Tam 3 yıl geçti gitti, otomatik şanzımanın eksileri olarak bilinen, ne fazla yakıtı, ne arıza durumunda incir fidanını kucağıma verecek olması, ne osu ne busu ne de şusu aklıma hiç gelmedi... Gelmiyor da.
Hatta geçen gün emanet aldığım manuel aracı kullanırken gittiğim toplam 10 kilometrelik yol harbiden işkenceye dönüştü. Araba gidiyor ne güzel, vites değiştirme de nereden çıktı, araç durduğunda tekrar kaldırmak için debriyaj denilen gereksiz şeyin boşluğuna ayağım alışamadı bir türlü.
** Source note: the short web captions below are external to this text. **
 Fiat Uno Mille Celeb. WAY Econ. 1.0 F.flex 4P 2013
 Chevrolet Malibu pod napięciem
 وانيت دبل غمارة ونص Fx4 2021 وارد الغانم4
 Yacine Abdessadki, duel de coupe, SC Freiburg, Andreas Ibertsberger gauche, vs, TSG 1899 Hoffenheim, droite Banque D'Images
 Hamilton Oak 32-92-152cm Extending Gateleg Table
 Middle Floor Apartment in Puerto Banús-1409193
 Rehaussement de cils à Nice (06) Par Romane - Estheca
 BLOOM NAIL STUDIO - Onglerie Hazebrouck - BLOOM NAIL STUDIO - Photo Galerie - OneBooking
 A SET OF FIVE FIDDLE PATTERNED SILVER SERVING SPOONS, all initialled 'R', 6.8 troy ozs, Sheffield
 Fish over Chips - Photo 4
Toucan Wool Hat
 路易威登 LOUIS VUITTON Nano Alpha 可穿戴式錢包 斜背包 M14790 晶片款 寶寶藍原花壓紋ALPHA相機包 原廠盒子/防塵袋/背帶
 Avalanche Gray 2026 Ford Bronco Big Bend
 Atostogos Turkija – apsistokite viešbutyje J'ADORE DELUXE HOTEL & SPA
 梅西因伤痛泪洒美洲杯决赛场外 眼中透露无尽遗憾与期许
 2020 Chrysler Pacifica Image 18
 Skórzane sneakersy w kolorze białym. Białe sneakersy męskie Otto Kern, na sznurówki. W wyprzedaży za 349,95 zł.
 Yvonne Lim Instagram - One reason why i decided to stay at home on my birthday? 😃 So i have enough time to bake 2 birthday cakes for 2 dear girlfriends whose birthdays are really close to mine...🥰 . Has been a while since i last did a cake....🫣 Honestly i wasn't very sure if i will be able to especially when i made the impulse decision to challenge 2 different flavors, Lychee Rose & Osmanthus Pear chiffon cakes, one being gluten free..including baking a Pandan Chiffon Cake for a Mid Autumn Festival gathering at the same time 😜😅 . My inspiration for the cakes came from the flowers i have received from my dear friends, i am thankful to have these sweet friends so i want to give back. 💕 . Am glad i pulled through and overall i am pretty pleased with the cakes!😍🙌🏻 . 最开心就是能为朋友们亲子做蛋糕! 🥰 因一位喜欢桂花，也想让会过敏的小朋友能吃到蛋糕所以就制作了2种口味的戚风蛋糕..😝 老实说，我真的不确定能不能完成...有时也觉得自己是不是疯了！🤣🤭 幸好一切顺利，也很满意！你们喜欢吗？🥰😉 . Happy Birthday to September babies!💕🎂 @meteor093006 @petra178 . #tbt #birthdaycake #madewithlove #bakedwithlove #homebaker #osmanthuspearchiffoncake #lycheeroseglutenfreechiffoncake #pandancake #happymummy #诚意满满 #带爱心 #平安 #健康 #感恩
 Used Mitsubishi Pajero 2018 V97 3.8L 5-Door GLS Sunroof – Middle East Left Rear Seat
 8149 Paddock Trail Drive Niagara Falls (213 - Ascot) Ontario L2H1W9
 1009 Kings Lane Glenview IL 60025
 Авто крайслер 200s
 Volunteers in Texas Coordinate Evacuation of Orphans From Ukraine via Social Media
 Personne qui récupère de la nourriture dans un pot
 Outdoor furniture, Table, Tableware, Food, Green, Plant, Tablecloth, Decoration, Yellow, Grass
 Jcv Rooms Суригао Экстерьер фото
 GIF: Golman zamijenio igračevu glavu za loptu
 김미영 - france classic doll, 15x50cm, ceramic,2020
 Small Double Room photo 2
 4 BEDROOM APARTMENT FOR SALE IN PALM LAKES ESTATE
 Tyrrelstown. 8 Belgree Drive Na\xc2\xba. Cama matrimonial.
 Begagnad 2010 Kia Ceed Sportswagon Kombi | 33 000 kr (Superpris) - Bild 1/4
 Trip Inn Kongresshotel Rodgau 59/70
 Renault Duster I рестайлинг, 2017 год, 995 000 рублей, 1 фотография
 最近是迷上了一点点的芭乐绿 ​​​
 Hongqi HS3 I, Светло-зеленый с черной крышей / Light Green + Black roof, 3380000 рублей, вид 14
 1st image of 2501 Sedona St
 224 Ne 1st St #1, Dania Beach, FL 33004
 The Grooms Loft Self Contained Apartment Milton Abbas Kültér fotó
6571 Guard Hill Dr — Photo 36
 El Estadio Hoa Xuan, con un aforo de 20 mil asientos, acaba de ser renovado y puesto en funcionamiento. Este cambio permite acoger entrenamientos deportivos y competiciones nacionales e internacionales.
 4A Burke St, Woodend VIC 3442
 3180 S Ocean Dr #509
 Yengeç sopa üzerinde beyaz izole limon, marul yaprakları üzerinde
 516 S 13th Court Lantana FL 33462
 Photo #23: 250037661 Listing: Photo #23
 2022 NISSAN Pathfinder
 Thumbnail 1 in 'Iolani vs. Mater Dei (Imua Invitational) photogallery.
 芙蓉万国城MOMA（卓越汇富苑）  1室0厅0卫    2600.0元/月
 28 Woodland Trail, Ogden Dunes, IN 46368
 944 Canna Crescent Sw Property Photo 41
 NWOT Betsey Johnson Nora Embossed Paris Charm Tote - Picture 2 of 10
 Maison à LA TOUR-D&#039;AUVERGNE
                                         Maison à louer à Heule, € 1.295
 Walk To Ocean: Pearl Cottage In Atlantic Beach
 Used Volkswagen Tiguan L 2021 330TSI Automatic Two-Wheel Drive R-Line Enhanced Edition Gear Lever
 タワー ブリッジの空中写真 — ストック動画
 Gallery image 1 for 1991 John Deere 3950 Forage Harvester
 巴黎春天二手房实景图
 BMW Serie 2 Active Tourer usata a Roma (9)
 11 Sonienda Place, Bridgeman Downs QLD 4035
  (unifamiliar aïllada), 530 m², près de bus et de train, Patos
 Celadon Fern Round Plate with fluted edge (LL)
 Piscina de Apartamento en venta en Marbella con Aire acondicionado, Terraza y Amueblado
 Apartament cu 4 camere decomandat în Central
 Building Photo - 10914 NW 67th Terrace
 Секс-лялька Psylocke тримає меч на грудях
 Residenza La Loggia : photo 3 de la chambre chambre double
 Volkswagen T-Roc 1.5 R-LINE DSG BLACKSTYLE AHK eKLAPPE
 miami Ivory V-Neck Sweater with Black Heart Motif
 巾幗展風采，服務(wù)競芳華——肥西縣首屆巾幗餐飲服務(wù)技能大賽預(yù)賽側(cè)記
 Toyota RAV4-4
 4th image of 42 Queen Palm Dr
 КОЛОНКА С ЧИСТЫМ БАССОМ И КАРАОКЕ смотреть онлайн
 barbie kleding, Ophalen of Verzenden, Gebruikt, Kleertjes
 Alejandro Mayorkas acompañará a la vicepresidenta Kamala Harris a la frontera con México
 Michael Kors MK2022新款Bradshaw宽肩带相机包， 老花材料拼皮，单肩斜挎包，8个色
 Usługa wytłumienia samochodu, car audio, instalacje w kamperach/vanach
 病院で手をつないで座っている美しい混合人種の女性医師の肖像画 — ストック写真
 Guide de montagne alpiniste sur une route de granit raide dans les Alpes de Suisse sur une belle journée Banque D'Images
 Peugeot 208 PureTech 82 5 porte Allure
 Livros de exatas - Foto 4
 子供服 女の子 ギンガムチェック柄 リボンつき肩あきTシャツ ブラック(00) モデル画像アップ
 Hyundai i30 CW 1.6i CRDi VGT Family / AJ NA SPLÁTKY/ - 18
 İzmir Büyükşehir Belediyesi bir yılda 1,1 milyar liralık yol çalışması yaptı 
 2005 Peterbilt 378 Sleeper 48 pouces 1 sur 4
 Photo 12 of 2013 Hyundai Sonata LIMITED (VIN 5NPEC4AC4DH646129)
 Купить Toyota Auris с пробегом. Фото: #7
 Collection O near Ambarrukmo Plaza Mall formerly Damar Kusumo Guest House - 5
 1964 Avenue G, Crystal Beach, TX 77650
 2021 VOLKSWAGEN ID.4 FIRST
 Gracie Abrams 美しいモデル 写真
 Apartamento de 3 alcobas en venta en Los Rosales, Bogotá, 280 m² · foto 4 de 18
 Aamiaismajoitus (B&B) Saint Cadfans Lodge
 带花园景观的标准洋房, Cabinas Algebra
Daha önceden hangi arabaya binsem, ikinci vitese attıktan sonra araba ile bütünleşirdim, şimdi bunu bile beynim istemiyor ki, araba hopladı durdu kalkışlarda...
Hülâsa;
Otomatik candır, canandır... Büyük konuşmak istemiyorum ama manuel vitese dönüş benim için çok çok zor gibi geliyor artık.
Biraz uzun oldu ama otomatik maceramı iki kelime ile anlatamazdım sanırım. Okuyanların sabrına teşekkürler.